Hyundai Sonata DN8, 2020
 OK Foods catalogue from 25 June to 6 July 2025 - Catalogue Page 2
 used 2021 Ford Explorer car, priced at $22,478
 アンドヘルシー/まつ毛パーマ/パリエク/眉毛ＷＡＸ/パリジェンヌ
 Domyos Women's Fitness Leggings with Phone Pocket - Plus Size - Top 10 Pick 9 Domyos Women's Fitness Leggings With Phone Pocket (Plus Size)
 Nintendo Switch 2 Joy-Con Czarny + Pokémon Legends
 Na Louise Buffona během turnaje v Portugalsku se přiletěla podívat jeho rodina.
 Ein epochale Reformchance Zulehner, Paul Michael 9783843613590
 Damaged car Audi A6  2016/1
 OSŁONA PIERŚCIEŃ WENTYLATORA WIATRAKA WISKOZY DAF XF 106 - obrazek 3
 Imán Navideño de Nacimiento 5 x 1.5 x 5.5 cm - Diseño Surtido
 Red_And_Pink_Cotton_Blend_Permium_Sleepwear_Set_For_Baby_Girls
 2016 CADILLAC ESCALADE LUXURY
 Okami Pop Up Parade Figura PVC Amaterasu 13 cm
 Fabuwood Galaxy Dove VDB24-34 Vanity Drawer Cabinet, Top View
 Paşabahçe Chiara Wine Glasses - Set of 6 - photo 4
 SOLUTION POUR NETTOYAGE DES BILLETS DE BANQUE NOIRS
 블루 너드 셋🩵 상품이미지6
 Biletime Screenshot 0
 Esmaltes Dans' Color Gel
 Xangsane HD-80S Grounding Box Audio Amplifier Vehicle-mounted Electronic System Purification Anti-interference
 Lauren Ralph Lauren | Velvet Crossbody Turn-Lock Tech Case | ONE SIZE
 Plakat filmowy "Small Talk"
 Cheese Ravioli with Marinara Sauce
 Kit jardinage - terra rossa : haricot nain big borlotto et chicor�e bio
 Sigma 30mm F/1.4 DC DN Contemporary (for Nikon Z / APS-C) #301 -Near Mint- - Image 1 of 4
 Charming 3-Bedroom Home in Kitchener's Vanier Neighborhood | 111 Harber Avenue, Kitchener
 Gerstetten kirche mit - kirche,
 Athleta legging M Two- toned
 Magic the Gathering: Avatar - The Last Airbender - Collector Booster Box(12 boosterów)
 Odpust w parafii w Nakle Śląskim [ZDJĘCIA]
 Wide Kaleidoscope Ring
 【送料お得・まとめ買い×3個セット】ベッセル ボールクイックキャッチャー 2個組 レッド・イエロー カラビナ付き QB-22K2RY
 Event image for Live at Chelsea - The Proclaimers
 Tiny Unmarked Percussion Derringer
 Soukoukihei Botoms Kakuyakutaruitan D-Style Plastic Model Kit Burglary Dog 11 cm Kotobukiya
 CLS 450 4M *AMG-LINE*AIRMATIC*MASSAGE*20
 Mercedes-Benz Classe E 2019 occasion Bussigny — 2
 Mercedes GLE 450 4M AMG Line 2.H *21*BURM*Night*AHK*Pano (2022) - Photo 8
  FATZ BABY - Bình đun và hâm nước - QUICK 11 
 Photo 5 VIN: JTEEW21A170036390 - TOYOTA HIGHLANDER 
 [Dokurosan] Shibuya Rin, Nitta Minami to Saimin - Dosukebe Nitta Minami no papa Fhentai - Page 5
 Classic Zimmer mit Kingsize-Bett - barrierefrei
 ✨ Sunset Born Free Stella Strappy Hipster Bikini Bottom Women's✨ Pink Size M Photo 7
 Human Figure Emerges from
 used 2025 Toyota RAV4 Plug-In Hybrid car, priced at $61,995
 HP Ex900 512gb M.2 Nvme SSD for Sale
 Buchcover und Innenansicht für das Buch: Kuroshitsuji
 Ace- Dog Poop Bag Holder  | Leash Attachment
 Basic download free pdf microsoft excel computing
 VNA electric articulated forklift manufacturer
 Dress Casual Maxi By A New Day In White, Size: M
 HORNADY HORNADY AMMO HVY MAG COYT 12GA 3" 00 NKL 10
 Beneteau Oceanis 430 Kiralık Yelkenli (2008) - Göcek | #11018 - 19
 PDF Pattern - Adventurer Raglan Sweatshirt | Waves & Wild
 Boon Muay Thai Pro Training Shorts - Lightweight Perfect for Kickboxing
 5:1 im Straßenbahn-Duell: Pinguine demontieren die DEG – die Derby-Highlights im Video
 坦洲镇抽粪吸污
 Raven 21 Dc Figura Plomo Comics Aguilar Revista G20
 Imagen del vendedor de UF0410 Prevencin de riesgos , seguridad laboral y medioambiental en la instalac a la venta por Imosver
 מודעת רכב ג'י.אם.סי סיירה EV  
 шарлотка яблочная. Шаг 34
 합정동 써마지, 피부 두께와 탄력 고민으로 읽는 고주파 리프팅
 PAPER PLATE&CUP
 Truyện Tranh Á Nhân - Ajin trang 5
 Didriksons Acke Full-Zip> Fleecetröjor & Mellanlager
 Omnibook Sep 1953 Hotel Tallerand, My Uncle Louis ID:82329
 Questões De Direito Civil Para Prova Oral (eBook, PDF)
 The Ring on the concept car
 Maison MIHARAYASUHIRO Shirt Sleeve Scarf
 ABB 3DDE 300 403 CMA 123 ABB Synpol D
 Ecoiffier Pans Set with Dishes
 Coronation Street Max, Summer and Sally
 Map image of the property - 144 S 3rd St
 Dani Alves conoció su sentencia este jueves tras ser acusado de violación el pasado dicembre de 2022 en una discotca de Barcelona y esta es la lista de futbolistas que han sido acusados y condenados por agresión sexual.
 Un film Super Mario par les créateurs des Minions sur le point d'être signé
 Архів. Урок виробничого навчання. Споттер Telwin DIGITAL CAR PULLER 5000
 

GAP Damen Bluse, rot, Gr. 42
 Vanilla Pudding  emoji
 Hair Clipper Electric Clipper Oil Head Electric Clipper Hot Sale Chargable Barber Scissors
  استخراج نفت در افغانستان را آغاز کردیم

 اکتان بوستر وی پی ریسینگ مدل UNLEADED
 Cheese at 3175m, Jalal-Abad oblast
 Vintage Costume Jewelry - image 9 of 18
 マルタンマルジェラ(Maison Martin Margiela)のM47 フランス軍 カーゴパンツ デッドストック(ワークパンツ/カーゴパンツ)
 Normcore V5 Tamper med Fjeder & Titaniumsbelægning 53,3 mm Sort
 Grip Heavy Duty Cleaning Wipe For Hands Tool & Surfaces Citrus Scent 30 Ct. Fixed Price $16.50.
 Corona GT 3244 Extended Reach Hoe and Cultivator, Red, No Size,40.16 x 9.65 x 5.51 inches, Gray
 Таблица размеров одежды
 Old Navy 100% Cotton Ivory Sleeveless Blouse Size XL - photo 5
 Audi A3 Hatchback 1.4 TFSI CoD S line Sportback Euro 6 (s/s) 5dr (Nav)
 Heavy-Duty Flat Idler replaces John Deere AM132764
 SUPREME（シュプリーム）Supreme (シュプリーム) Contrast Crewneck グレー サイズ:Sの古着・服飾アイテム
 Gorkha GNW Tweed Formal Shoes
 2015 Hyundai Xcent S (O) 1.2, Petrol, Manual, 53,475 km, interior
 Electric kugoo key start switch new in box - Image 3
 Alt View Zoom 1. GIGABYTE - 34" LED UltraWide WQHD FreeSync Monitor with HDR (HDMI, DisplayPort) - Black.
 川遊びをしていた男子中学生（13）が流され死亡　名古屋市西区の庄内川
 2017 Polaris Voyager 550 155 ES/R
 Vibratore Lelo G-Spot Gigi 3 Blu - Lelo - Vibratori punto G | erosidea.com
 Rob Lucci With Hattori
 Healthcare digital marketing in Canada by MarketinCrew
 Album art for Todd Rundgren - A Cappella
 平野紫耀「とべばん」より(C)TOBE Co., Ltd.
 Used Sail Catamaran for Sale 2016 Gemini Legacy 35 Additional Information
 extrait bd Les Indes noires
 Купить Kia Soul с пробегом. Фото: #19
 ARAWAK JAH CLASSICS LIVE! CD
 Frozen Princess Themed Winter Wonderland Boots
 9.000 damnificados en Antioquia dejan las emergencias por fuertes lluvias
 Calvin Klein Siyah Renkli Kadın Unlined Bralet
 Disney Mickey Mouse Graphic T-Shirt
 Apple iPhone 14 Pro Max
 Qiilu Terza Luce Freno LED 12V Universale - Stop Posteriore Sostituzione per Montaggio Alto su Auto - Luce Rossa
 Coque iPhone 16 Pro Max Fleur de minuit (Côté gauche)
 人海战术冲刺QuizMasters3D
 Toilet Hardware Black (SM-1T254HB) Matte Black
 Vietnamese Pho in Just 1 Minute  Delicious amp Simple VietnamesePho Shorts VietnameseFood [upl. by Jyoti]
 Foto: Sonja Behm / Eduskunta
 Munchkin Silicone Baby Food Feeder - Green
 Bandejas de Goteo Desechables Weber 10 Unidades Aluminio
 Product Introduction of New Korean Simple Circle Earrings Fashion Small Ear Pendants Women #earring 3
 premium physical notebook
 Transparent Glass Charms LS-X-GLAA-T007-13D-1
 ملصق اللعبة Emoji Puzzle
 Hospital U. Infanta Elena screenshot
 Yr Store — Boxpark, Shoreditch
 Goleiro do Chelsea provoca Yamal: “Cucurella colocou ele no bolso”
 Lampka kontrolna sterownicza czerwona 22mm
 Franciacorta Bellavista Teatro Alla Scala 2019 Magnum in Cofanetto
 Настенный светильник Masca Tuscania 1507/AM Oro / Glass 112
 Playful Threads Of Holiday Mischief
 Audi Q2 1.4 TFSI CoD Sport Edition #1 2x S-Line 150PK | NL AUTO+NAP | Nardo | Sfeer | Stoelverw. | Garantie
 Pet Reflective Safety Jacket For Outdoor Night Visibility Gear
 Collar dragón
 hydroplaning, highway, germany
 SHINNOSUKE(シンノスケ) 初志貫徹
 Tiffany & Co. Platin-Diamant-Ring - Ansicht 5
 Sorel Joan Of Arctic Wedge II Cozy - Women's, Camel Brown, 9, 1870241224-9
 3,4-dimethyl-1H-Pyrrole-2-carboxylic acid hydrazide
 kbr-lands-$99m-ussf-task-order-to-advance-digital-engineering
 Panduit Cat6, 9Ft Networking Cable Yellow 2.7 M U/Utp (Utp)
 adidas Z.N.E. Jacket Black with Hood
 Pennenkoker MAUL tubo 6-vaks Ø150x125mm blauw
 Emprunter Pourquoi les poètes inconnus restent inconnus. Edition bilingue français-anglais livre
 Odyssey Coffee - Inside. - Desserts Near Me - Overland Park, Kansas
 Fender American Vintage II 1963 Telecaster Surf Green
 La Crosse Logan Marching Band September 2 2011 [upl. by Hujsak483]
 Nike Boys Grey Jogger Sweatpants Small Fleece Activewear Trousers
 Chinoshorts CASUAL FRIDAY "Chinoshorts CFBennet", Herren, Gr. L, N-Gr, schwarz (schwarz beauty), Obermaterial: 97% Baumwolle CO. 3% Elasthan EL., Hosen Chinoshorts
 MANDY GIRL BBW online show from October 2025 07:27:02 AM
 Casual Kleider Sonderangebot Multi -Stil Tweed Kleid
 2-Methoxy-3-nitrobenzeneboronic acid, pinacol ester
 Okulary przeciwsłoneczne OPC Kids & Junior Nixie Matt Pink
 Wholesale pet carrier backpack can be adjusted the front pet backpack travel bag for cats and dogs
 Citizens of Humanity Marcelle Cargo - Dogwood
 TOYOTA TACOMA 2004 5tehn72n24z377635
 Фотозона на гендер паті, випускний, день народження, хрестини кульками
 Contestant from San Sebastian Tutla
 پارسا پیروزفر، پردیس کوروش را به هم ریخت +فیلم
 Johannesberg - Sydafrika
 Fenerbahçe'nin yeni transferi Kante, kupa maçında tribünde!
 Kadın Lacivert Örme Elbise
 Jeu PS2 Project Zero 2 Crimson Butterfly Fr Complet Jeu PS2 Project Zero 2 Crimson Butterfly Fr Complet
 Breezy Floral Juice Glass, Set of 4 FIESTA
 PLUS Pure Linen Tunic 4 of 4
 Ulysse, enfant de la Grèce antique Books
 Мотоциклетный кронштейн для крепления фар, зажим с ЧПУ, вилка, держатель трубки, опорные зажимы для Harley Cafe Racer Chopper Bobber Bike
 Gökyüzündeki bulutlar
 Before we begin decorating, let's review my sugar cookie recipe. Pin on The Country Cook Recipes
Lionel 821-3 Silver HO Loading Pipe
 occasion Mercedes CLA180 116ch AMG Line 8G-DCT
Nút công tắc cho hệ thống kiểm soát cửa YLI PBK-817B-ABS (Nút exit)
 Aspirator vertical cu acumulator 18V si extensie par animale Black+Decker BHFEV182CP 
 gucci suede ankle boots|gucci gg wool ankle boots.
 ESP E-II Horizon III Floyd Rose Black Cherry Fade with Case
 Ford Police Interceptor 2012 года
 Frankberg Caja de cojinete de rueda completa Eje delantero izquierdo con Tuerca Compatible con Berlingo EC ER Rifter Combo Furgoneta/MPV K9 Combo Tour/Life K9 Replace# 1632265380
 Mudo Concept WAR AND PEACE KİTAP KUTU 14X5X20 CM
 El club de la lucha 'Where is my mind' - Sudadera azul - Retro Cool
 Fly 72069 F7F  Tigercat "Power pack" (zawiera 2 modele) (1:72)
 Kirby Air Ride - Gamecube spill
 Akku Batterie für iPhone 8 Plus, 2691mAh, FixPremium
━━━━━━━━
Exercise aim: Looking at the entries above, copy out every line in which "Mercedes" occurs.

Result below:
 Mercedes-Benz Classe E 2019 occasion Bussigny — 2
 Mercedes GLE 450 4M AMG Line 2.H *21*BURM*Night*AHK*Pano (2022) - Photo 8
 occasion Mercedes CLA180 116ch AMG Line 8G-DCT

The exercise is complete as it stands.